EXERCISE GOAL
Copy out each line below containing "фото".

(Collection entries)
──────────────────────────────
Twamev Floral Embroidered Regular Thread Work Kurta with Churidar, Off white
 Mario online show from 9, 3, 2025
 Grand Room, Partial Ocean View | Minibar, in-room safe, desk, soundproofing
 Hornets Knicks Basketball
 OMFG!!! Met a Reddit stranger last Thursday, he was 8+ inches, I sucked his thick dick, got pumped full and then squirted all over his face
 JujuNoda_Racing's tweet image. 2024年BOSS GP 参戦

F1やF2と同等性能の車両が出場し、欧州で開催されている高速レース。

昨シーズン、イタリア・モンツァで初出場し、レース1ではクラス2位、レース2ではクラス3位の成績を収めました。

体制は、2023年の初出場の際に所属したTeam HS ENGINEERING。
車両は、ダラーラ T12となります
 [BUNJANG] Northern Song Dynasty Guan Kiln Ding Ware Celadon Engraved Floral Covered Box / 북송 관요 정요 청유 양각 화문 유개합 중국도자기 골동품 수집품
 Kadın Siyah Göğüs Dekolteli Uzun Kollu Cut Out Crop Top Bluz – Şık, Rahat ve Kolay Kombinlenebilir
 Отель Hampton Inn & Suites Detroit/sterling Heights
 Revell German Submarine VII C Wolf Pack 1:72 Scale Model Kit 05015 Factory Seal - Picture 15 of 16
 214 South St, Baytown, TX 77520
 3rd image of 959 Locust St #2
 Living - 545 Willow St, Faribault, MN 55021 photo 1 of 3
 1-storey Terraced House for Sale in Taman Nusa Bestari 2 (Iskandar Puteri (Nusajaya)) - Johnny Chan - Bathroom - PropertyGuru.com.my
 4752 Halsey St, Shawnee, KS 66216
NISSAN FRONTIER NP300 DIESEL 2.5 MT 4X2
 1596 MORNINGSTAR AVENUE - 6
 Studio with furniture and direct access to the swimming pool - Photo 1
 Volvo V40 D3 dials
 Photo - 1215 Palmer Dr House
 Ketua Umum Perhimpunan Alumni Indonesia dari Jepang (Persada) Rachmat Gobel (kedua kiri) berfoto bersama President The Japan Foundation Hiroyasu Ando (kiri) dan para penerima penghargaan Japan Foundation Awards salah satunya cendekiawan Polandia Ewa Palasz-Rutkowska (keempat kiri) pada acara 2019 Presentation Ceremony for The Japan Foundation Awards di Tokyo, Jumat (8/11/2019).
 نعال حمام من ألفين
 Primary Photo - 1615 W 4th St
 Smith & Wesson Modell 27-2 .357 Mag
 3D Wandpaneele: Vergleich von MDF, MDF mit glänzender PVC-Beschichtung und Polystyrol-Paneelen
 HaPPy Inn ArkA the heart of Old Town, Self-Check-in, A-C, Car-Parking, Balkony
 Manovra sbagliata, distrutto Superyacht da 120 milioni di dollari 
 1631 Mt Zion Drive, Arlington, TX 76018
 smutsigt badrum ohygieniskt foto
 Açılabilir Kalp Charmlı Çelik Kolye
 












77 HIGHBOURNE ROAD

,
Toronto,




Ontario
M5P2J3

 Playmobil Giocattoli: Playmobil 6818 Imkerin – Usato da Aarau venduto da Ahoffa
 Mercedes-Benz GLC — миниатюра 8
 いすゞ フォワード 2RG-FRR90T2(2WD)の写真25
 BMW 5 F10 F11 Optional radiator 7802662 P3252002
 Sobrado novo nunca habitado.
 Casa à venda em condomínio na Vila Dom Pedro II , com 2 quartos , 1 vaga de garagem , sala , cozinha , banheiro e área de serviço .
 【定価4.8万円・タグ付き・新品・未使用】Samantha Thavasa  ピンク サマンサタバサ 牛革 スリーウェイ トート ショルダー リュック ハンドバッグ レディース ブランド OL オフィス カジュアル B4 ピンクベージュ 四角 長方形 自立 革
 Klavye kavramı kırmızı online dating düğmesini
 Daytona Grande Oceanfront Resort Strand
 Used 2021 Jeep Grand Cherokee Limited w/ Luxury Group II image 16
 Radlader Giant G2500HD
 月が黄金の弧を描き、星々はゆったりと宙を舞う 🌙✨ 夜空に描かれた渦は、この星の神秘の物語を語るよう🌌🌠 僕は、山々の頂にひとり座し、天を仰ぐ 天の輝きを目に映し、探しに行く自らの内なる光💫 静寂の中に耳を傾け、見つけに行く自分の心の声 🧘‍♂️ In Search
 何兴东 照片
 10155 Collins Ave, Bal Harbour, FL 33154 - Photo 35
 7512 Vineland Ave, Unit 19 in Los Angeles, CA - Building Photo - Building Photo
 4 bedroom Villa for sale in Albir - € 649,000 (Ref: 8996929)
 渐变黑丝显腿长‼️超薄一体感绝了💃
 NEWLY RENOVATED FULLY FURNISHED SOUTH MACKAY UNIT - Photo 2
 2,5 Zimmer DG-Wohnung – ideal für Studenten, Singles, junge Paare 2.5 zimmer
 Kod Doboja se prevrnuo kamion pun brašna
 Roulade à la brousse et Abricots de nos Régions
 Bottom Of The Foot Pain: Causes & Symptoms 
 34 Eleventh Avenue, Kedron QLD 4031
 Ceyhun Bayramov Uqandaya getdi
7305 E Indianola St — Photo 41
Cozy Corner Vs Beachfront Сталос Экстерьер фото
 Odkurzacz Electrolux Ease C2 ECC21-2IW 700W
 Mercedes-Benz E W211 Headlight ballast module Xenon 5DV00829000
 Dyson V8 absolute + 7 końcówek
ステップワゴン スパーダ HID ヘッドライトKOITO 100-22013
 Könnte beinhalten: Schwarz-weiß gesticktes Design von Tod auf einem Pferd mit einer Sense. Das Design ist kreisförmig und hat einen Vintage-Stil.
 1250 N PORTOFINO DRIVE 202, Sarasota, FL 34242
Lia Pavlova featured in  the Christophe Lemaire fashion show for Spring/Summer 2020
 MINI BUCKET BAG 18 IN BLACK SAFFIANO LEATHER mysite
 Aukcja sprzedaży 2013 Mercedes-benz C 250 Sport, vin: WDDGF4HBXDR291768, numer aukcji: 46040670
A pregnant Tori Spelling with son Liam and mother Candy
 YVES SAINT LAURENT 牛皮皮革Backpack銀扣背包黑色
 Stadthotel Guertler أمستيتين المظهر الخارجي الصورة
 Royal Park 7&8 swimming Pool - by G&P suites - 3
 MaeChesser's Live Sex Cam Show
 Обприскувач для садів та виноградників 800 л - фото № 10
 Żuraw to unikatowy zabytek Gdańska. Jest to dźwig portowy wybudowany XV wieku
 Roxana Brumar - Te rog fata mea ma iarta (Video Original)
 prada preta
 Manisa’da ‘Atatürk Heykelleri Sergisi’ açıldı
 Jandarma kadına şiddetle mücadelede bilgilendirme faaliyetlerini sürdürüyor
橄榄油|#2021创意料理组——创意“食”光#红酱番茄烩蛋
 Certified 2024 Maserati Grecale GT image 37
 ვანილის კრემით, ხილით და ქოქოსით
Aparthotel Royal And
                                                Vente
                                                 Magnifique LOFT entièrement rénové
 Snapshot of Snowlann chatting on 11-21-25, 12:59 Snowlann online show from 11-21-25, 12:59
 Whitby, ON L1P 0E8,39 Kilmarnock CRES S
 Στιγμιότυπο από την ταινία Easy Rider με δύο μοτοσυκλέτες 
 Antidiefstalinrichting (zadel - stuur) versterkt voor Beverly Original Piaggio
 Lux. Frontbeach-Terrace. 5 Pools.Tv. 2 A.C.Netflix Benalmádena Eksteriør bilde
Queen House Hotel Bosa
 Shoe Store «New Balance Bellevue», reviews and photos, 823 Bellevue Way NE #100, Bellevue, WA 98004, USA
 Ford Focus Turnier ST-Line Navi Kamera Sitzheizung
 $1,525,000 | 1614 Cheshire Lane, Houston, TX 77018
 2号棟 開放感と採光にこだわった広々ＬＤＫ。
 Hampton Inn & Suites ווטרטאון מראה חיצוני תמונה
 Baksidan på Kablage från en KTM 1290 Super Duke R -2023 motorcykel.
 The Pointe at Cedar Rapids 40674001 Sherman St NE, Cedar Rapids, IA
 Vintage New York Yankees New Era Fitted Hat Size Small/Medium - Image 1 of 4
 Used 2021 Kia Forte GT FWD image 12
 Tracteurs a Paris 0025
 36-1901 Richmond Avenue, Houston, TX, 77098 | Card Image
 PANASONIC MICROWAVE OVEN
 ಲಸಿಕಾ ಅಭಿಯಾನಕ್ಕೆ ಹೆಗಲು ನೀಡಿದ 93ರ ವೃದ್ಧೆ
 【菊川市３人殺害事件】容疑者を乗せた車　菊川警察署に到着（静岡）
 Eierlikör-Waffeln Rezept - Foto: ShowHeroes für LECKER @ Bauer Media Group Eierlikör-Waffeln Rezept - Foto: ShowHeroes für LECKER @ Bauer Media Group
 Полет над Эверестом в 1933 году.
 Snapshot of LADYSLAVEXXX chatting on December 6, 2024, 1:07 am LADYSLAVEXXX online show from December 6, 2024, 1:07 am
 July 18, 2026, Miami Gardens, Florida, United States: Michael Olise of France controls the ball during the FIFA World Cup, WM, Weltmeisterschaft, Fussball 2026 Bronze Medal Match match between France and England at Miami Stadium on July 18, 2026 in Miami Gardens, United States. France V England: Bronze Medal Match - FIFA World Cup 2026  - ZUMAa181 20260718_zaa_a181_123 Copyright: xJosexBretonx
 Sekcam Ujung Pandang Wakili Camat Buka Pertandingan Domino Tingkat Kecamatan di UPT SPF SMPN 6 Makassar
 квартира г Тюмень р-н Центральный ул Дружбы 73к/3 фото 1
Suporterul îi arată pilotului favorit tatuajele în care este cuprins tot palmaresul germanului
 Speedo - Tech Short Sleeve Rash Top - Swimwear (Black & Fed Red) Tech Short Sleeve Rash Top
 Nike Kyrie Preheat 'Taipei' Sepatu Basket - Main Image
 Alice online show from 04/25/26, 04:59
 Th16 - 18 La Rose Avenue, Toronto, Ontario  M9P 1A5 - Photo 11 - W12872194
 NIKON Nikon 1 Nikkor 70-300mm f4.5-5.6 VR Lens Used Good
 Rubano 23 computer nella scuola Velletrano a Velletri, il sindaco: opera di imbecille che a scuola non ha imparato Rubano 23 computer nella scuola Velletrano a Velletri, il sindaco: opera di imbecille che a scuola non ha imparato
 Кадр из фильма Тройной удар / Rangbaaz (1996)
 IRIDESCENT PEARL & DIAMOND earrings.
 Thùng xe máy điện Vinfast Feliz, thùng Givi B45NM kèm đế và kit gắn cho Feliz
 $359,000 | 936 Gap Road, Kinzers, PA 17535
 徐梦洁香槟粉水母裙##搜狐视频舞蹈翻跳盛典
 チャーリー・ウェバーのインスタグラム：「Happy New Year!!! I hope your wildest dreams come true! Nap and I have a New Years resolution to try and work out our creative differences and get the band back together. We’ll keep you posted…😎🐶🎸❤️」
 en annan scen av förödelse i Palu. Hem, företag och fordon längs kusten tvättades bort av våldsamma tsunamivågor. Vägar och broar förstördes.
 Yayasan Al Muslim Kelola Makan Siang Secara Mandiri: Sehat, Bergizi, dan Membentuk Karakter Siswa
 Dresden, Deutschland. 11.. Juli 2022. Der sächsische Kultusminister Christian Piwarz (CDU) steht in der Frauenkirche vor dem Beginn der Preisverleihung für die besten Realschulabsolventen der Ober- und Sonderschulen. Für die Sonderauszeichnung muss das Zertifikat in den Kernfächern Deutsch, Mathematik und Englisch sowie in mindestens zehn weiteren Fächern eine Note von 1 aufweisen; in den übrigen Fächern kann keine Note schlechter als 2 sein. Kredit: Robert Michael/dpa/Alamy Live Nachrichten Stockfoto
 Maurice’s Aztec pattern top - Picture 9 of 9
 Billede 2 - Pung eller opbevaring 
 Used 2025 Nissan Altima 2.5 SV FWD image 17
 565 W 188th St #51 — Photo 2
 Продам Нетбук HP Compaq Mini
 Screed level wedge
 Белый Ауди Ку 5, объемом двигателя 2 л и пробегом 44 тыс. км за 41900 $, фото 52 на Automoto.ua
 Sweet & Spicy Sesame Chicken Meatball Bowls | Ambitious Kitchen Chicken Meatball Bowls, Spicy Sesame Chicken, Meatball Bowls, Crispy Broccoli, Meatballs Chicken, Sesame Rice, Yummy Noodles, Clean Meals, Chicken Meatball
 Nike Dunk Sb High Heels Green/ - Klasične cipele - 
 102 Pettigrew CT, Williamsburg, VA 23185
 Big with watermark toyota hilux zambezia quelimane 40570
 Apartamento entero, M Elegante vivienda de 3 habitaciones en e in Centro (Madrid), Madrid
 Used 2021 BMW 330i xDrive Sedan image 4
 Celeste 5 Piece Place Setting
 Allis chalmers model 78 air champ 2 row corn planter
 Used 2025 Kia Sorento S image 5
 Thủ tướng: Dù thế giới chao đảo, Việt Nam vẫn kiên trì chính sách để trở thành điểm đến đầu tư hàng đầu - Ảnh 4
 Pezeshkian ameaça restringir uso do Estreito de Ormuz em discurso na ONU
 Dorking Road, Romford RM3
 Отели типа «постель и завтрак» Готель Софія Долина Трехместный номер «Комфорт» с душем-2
──────────────────────────────
SOLUTION BELOW
Cozy Corner Vs Beachfront Сталос Экстерьер фото
 Обприскувач для садів та виноградників 800 л - фото № 10
 квартира г Тюмень р-н Центральный ул Дружбы 73к/3 фото 1
 Белый Ауди Ку 5, объемом двигателя 2 л и пробегом 44 тыс. км за 41900 $, фото 52 на Automoto.ua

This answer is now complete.